Thursday, October 9, 2014

My Nomination for Hubris Quote of the Year

October 9, 2014
Bullard worried markets, Fed not on same page on rate outlook

Right now, “the markets are making a mistake” and expect the Fed to maintain its ultra-easy policy stance longer than Fed officials themselves currently expect, Bullard said.

What if the markets (and all of its many participants) are right and the Fed is actually making the mistake? I know, I know. That's just crazy talk. A small group of detached elitists holding meetings behind closed doors will always be smarter than the markets overall. That pretty much goes without saying.

Then again...

Perhaps the markets wonder why the Fed would need to raise interest rates if the price of oil keeps crashing, the global economy continues to sputter, and inflation therefore continues to remain stubbornly below the Fed's target?

February 6, 2012
Fed should raise rates in 2013, Bullard says

The belief that the U.S. economy suffering from an "output gap" that can be bridged only if borrowing costs are kept low enough for long enough is wrong, he said.

"If we continue using this interpretation of events, it may be very difficult for the U.S. to ever move off of the zero lower bound on nominal interest rates," Bullard said.

We didn't raise rates in 2013. Oops. As shocking as this must seem even in hindsight, we continued with ZIRP. Perhaps the markets remember what he said would happen if we continued? That it would be very difficult for the U.S. to ever move off the zero lower bound?

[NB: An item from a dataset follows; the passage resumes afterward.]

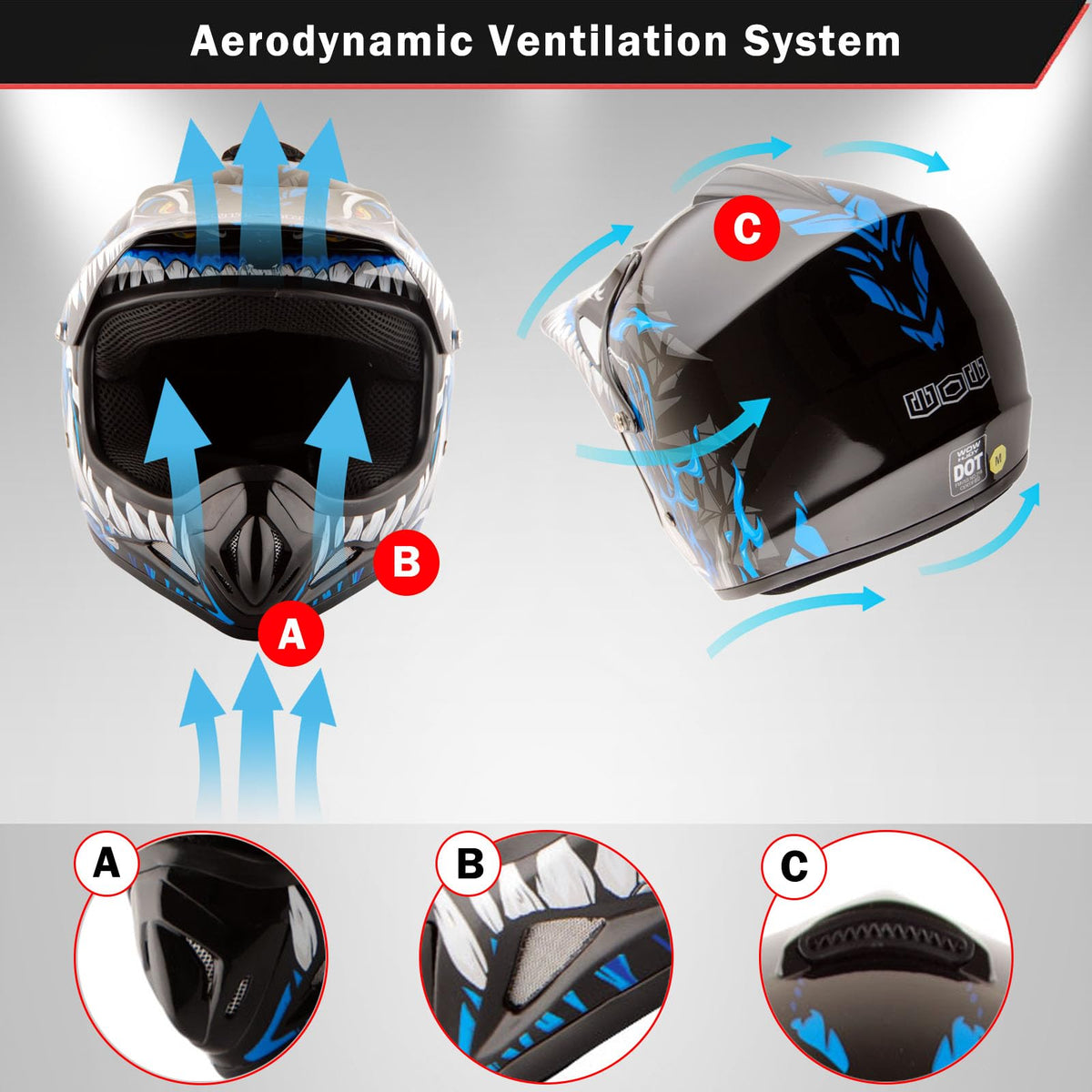 Kids Motocross Helmet with Goggles and Gloves T40072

Perhaps the markets can remember even more? Could the markets think they are at least as smart as the Fed?

January 18, 2013
Fed Admitted Ignorance, Underplayed Severity Of Situation Just Ahead Of Massive Crisis, New Docs Reveal

If you want to feel confident that the Federal Reserve knows where it's going as it steers the world's biggest economy, then you probably should not read the transcripts of its 2007 policy meetings.

Those transcripts, released on Friday, show a Fed groping blindly for answers about the early market tremors preceding the financial crisis, while also blithely deciding that everything was probably going to be just fine.

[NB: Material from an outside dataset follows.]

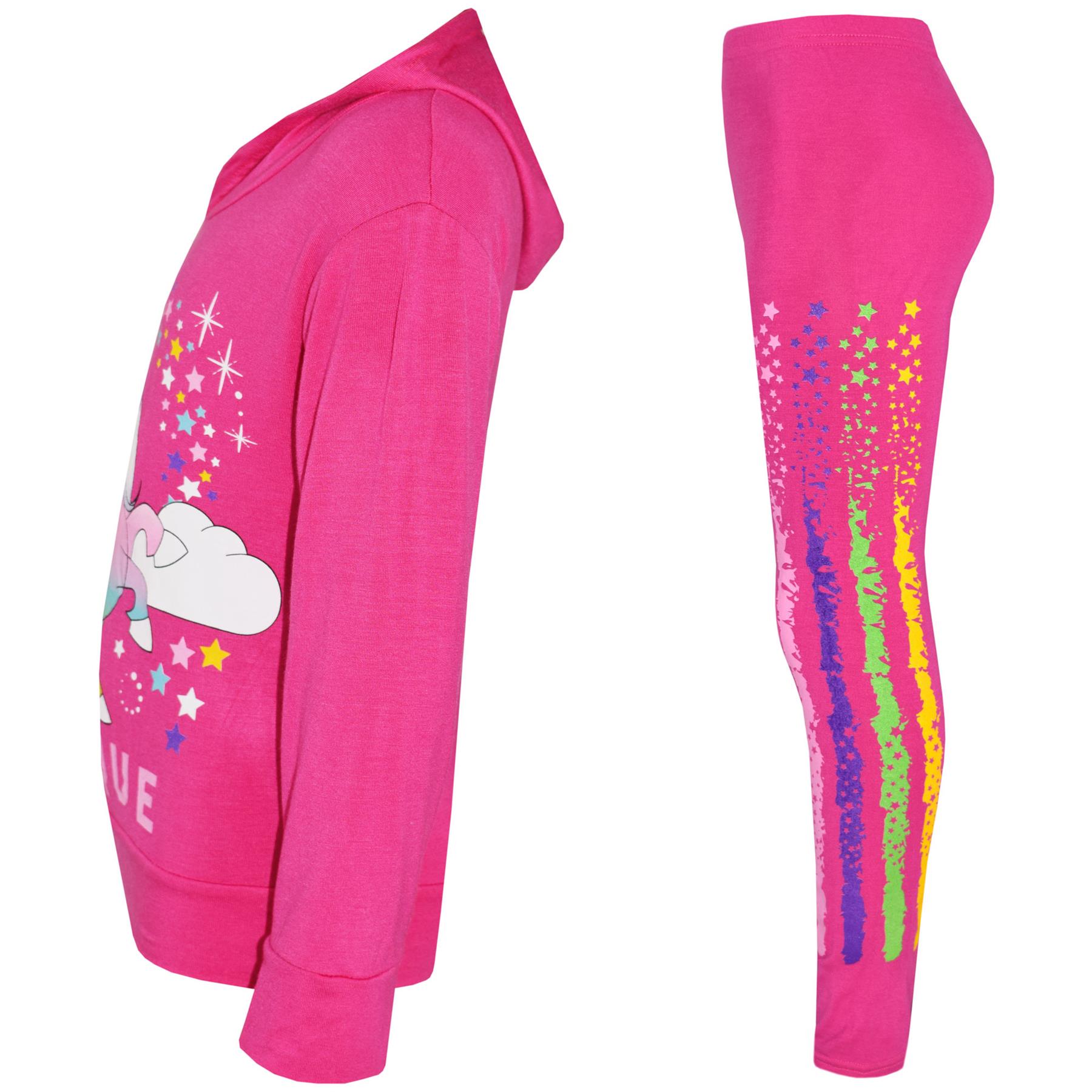 Kids Girls Top Dabbing Unicorn Floss Unique Rainbow Hooded Legging Set Tracksuit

The markets tend to create tremors heading into a crisis. The Fed tends to grope blindly. Perhaps that's how we can tell the difference between the two, lol. Sigh.

See Also:
Wasatch Economics: Fed failed to predict 2008 recession

2 comments:

  1. Perhaps the real problem is there are no markets; just digital outputs of some behavior by some individuals that is monitored somewhat or not at all in the case of dark pools. Perhaps markets are groping blindly relying on the Fed and the Fed is groping blindly relying on markets that do not exist in reality; but the lights are nice.